───── Data for this exercise ─────

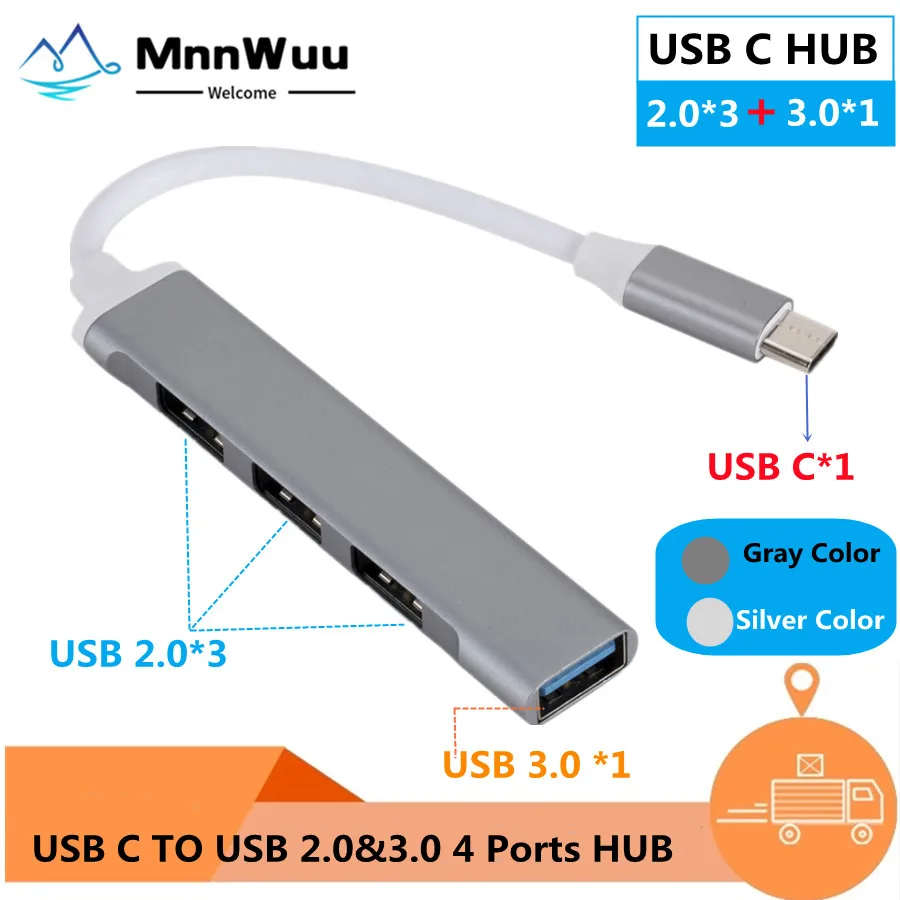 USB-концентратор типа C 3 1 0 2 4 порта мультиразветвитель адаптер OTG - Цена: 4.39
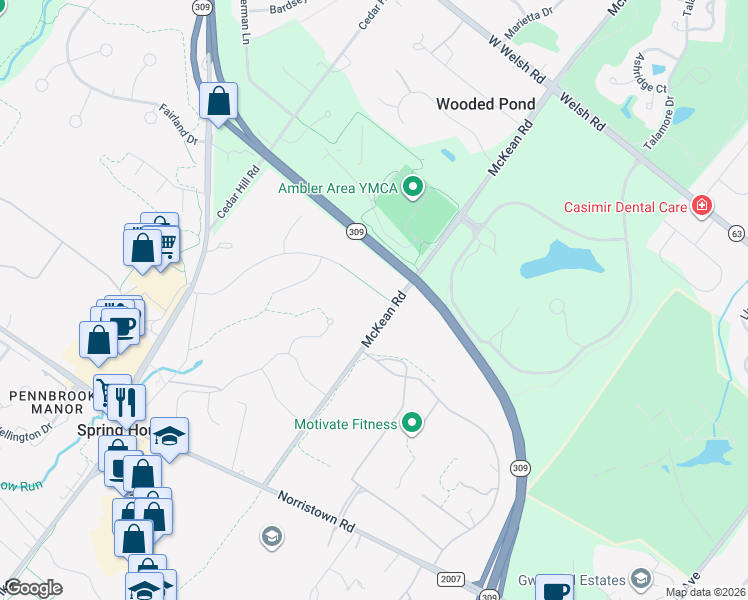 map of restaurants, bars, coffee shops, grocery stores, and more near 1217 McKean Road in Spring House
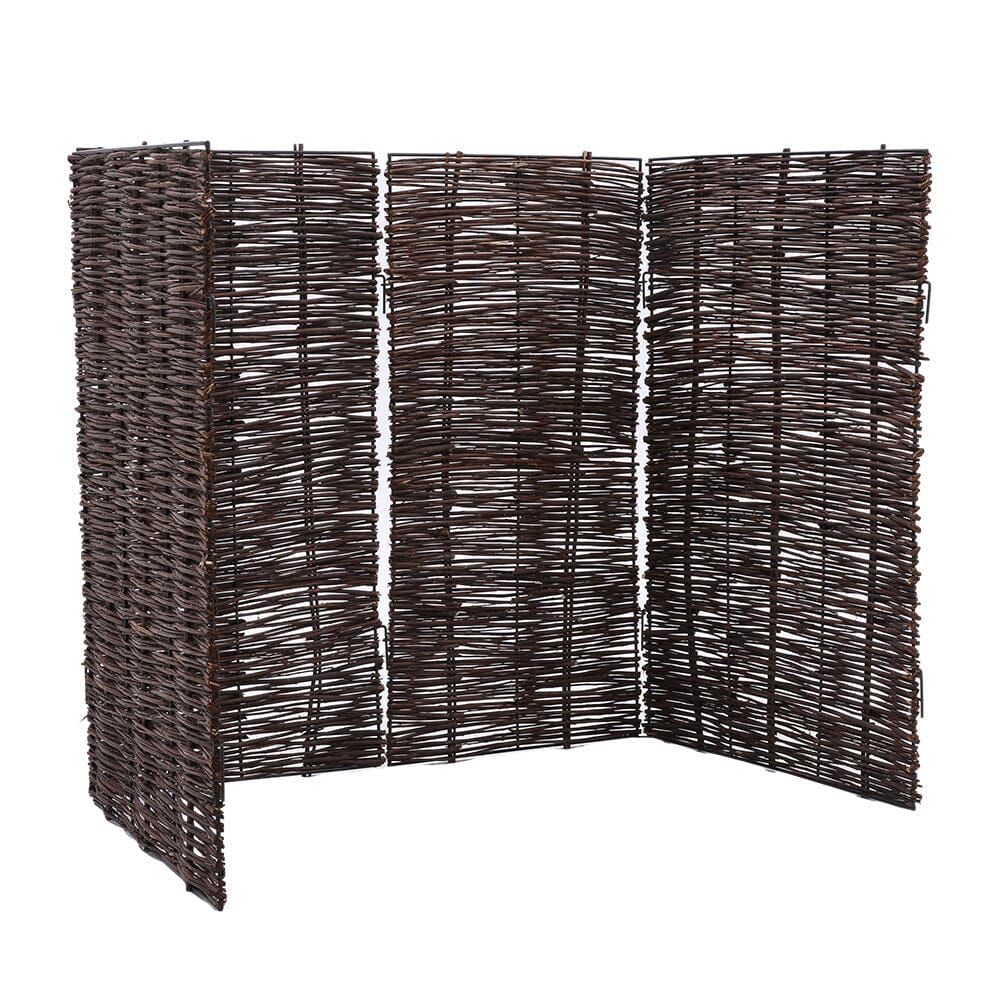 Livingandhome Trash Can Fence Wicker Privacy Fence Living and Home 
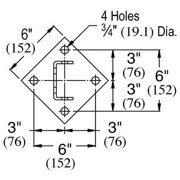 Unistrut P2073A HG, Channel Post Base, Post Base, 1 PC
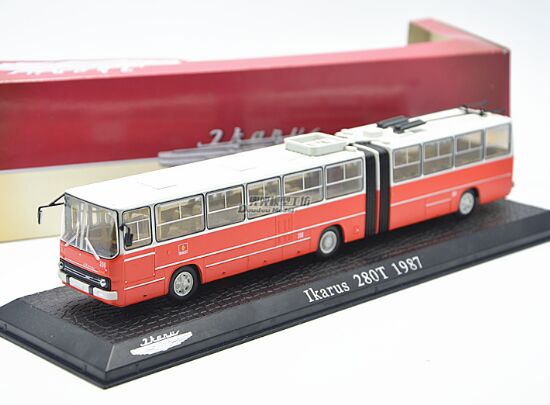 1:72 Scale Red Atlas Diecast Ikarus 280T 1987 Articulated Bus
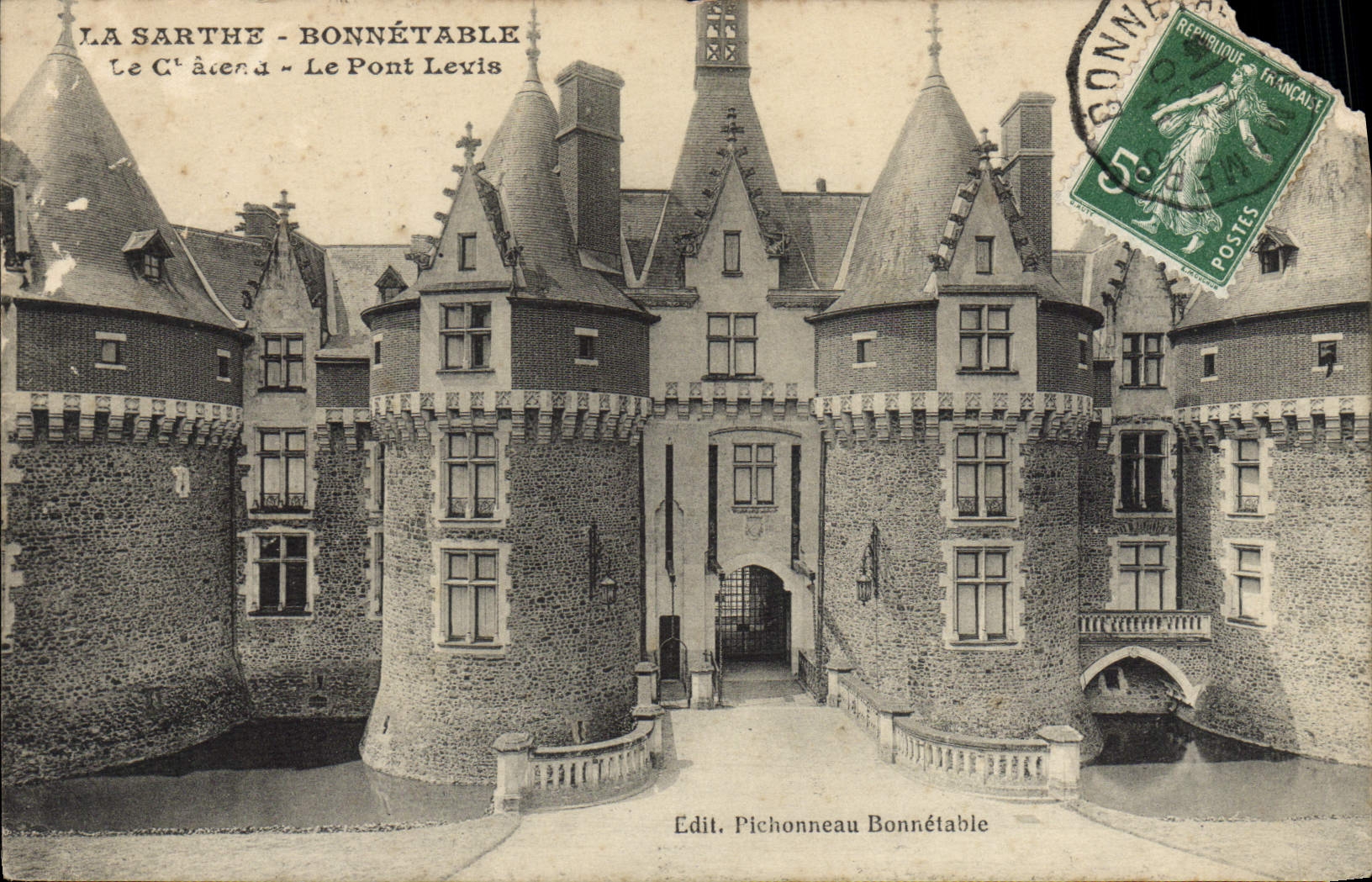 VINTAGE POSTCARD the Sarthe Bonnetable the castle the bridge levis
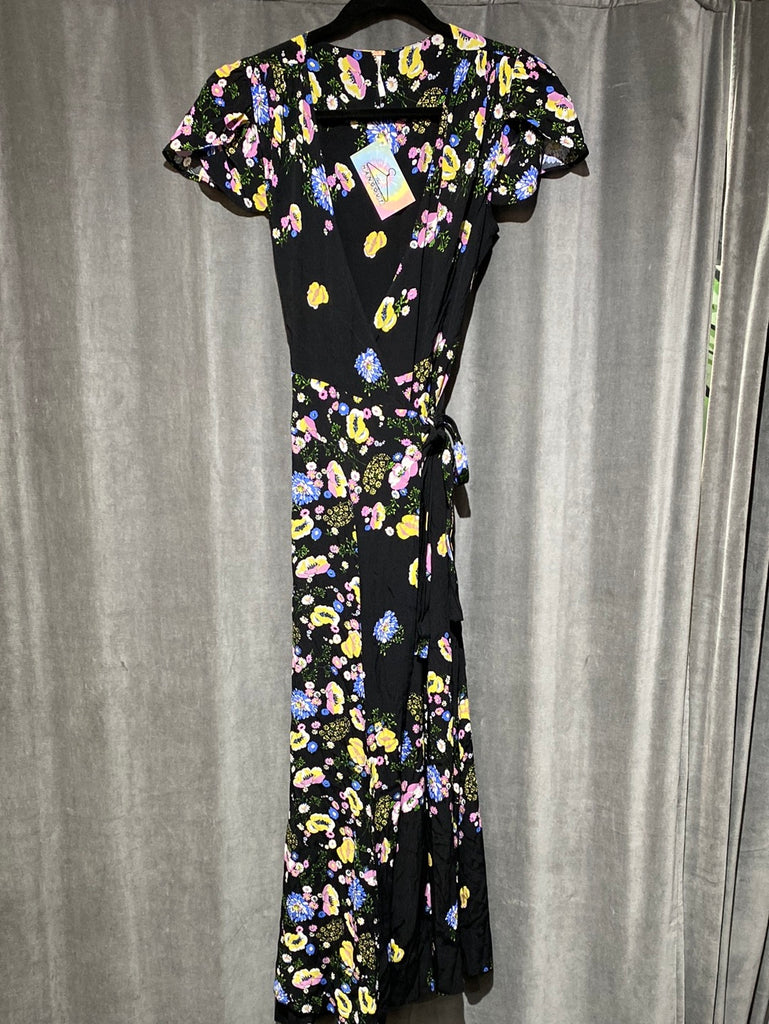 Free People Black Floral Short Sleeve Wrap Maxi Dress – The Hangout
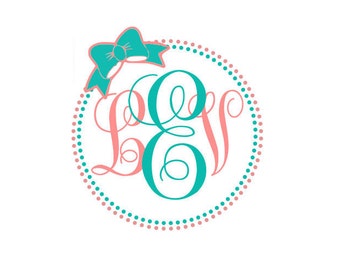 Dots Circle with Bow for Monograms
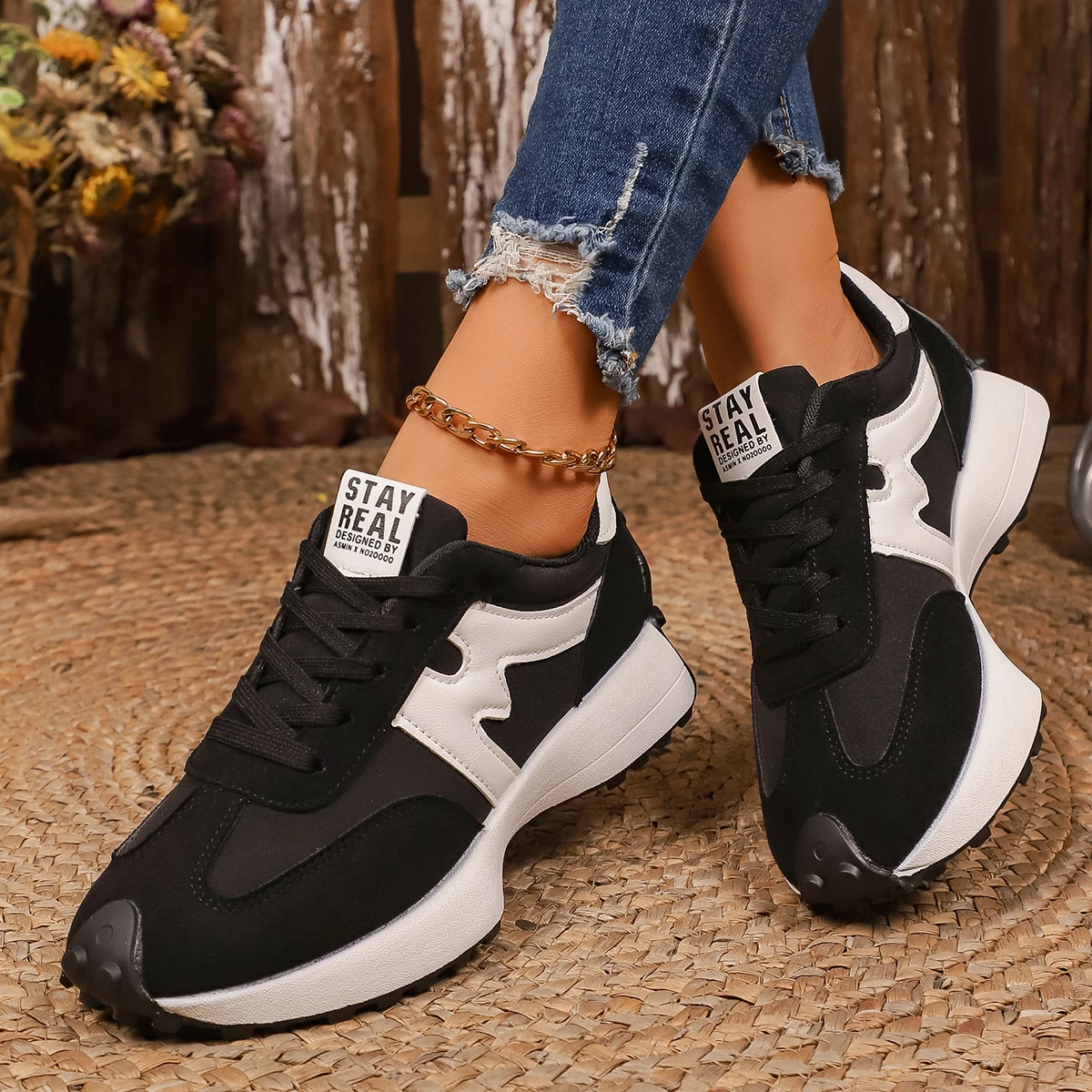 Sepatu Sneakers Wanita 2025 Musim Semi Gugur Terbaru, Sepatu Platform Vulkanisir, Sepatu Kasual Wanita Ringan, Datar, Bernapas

─────

Set down all of the entries precisely and keep the pictures out of the copy.

*Finished exercise*.
 USB-концентратор типа C 3 1 0 2 4 порта мультиразветвитель адаптер OTG - Цена: 4.39
 map of restaurants, bars, coffee shops, grocery stores, and more near 1217 McKean Road in Spring House
 Livingandhome Trash Can Fence Wicker Privacy Fence Living and Home 
 Unistrut P2073A HG, Channel Post Base, Post Base, 1 PC
 1:72 Scale Red Atlas Diecast Ikarus 280T 1987 Articulated Bus
 VINTAGE POSTCARD the Sarthe Bonnetable the castle the bridge levis
 Free People Black Floral Short Sleeve Wrap Maxi Dress – The Hangout
 Dots Circle with Bow for Monograms
 Sepatu Sneakers Wanita 2025 Musim Semi Gugur Terbaru, Sepatu Platform Vulkanisir, Sepatu Kasual Wanita Ringan, Datar, Bernapas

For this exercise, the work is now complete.